Florida Governor Ron DeSantis took a victory lap in his war against Disney on Wednesday, announcing “there’s a new sheriff in town” and vowing that the media giant will “pay its debt.”

“Disney’s going to pay its debt,” DeSantis told members of the press as the state’s House Bill 9B, which aims to give the governor the ability to rename the Reedy Creek Improvement District to Central Florida Tourism Oversight District and appoint the board’s five members passed its first committee on Wednesday with bipartisan support.

“What I said really for the last six/nine months is: Disney is no longer going to have self-government,” DeSantis said. “They’re not going to have their own government. Disney is gonna pay their fair share of taxes and honor their debts. And that’s exactly what this proposed piece of legislation will do.”

“A lot of folks in the media were saying that, ‘Oh my gosh, Disney’s actually going to pay less taxes and Floridians are going to pay more taxes.’ They were saying that. And I’m like, you’ve got to be kidding me,” he continued. “Well, this puts that to bed and so those debts will be honored.”

“This is now obviously going to be controlled by the state of Florida,” DeSantis stated. “There’s a new sheriff in town.”

As BizPac Review has reported, the very public war between DeSantis and Disney was sparked by the Magic Kingdom’s opposition to Florida’s Parental Rights in Education law — disingenuously dubbed the “Don’t Say Gay” law. The governor has stood strong against woke ideology, and Disney’s insistence on doubling down on it led him to revisit a 1967 decision by the state to allow Walt Disney World’s Reedy Creek in Orlando to act as a self-governing tax district.

In a statement earlier this week, DeSantis’s deputy press secretary, Jeremy Redfern, said, “Florida is dissolving the Corporate Kingdom and beginning a new ear of accountability and transparency. These actions ensure a state-controlled district accountable to the people instead of a corporate-controlled kingdom.”

On Twitter, Redfern wrote, “The Corporate Kingdom is over.”

“The legislation imposes a state-controlled board with members appointed by the governor on Disney and its property,” he explained. “Just how insane was the original deal? Disney could acquire property beyond the District’s territory via eminent domain.”

But some argue that the proposed plan for Reedy Creek doesn’t go far enough.

This district will get a new name, but it will remain intact, the Tampa Bay Times reports, so “the new improvement district will still have the same tax benefits it had before, such as the ability to issue tax-exempt bonds and other measures that have saved the company millions of dollars.”

“Disney still maintains the same perks they did before,” state Rep. Anna Eskamani (D-Orlando), said Wednesday, according to the outlet.

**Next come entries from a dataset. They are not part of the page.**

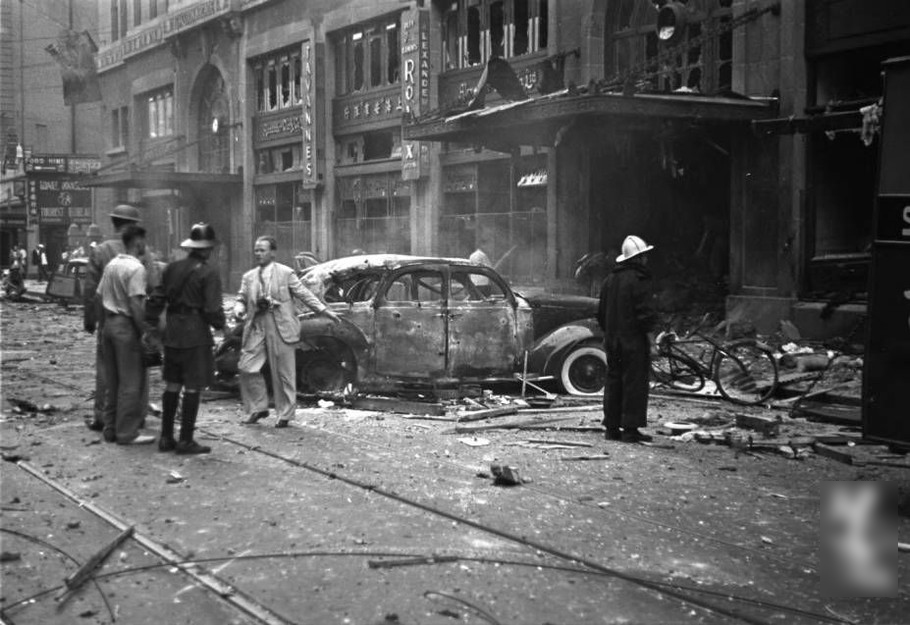 被轰炸的后景象。“血腥星期六”1937年8月14日。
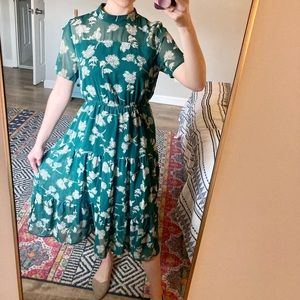 Lulu’s Green Floral Midi Dress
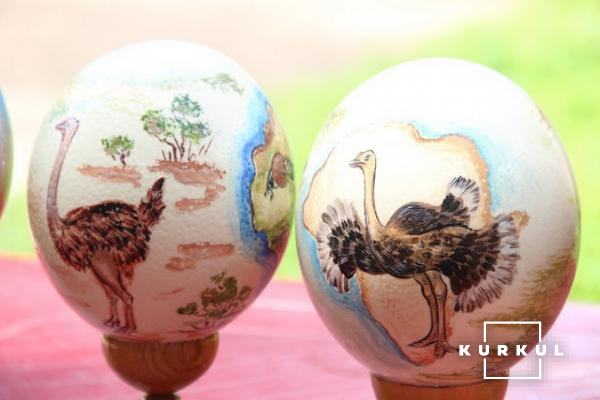 Розмальовані страусині яйця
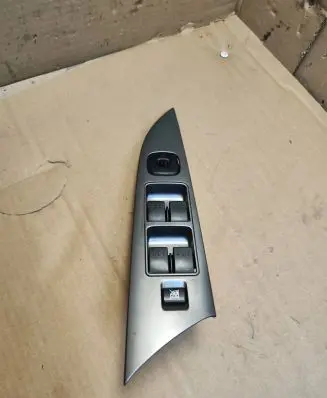 Mazda 3 I Electric window control switch 03123050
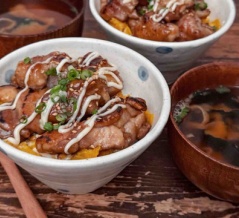 てりたまマヨ丼の日の献立。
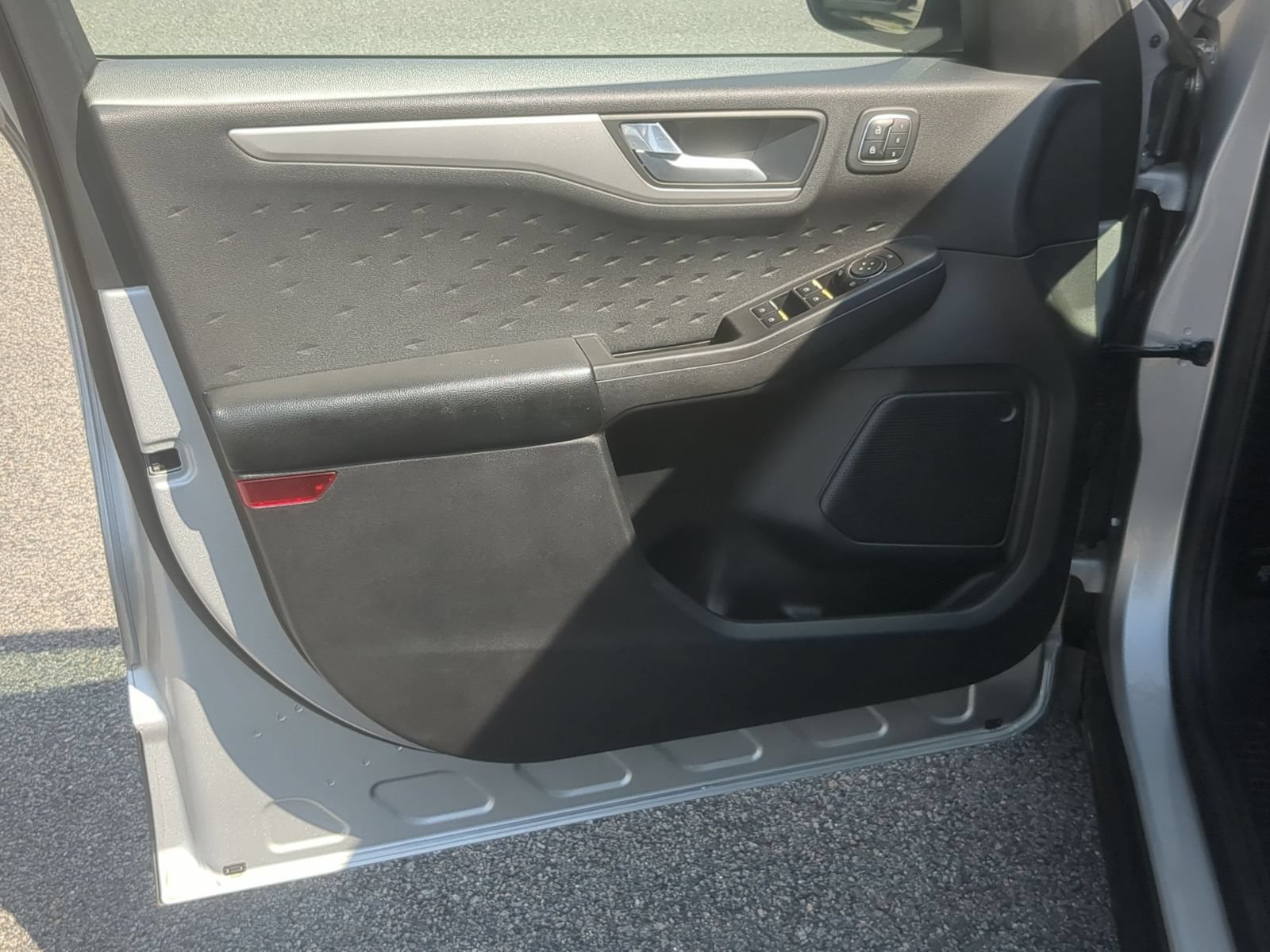 Used 2020 Ford Escape SEL FWD image 11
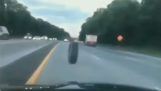 wiel “vluchteling” veroorzaakt een ongeluk op een snelweg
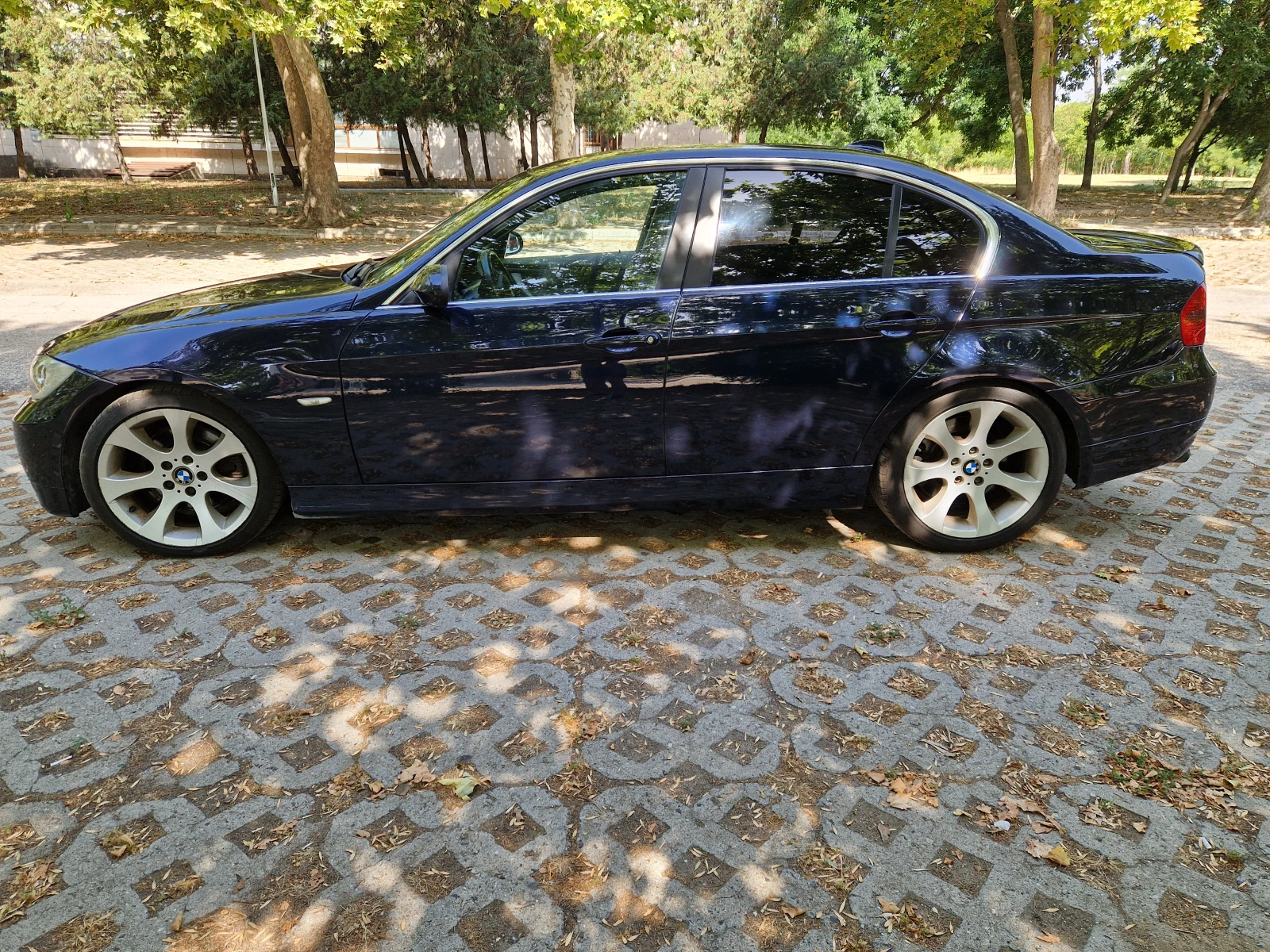 BMW 330 330d, задно, автомат - изображение 8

She likened the new arrangement to putting Disney in a low-security prison, “where they can pretty much do what they want to do, but if they go off course, they’ll be punished.”

Meanwhile, after ousting Bob Chapek and reclaiming his role as Disney’s CEO, Bob Iger has announced that the company will be laying off 7,000 employees and restructuring how things are done at the Happiest Place on Earth in an attempt to make its leaders “accountable” for the content they produce.

“Our new structure is aimed at returning greater authority to our creative leaders and making them accountable for how their content performs financially,” Iger said on Disney’s earnings call, according to The Hollywood Reporter. “Our former structure severed that link and must be restored. Moving forward, our creative teams will determine what content we’re making, how it is distributed and monetized, and how it gets marketed.

The 7,000 soon-to-be-former employees represent just over 3 percent of the company’s global workforce, and the cuts will likely slice the deepest in the entertainment and ESPN divisions.

“Disney CFO Christine McCarthy also said that the company is targeting $5.5 billion in cost savings, including $3 billion related to future content savings, with the remaining $2.5 billion from other costs like marketing, staffing or technology,” explains The Hollywood Reporter.

The move follows calls to boycott the company’s streaming service, Disney+, over an episode of its cartoon “The Proud Family: Louder and Prouder” in which the characters call for reparations, claiming, “This country was built on slavery, which means slaves built this country.”